▽

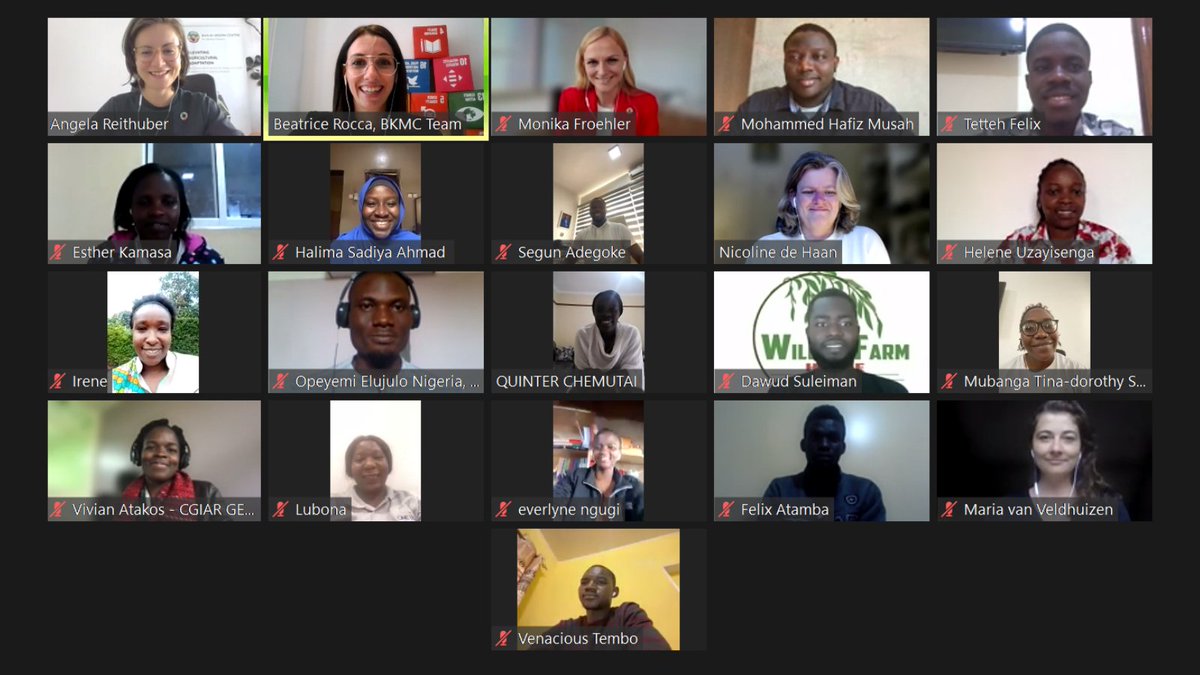 MoFroehler's tweet photo. It was such a pleasure to meet this year's #YouthAgriChampions from Africa & start a new chapter! 

Learning about their initiatives to support smallholder farmers to adapt to the impacts of #climatechange is truly inspiring. 

I look forward to seeing their collaborative work ahead!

△

● **Your instructions**:
Print the material above exactly as it appears, but not its pictures.

● **Solution for this exercise**:
 MoFroehler's tweet photo. It was such a pleasure to meet this year's #YouthAgriChampions from Africa & start a new chapter! 

Learning about their initiatives to support smallholder farmers to adapt to the impacts of #climatechange is truly inspiring. 

I look forward to seeing their collaborative work ahead!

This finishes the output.